- What you have to do -
Repeat the data verbatim.

(Crawled caption data)
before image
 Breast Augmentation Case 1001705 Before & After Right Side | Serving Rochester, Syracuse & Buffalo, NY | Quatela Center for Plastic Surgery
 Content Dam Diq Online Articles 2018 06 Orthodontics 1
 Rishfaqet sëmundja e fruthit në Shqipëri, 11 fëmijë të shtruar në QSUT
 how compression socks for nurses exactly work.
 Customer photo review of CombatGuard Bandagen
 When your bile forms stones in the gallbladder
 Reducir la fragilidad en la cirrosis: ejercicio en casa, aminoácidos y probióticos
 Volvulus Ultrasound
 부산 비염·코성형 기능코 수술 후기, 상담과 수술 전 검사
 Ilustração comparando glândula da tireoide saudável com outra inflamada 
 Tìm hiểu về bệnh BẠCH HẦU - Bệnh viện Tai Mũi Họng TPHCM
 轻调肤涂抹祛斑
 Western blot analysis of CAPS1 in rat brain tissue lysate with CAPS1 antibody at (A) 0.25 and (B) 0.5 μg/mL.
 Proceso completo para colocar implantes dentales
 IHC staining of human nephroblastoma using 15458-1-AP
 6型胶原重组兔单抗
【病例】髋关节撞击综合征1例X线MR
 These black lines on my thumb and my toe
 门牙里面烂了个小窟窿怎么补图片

- Exercise output -
before image
 Breast Augmentation Case 1001705 Before & After Right Side | Serving Rochester, Syracuse & Buffalo, NY | Quatela Center for Plastic Surgery
 Content Dam Diq Online Articles 2018 06 Orthodontics 1
 Rishfaqet sëmundja e fruthit në Shqipëri, 11 fëmijë të shtruar në QSUT
 how compression socks for nurses exactly work.
 Customer photo review of CombatGuard Bandagen
 When your bile forms stones in the gallbladder
 Reducir la fragilidad en la cirrosis: ejercicio en casa, aminoácidos y probióticos
 Volvulus Ultrasound
 부산 비염·코성형 기능코 수술 후기, 상담과 수술 전 검사
 Ilustração comparando glândula da tireoide saudável com outra inflamada 
 Tìm hiểu về bệnh BẠCH HẦU - Bệnh viện Tai Mũi Họng TPHCM
 轻调肤涂抹祛斑
 Western blot analysis of CAPS1 in rat brain tissue lysate with CAPS1 antibody at (A) 0.25 and (B) 0.5 μg/mL.
 Proceso completo para colocar implantes dentales
 IHC staining of human nephroblastoma using 15458-1-AP
 6型胶原重组兔单抗
【病例】髋关节撞击综合征1例X线MR
 These black lines on my thumb and my toe
 门牙里面烂了个小窟窿怎么补图片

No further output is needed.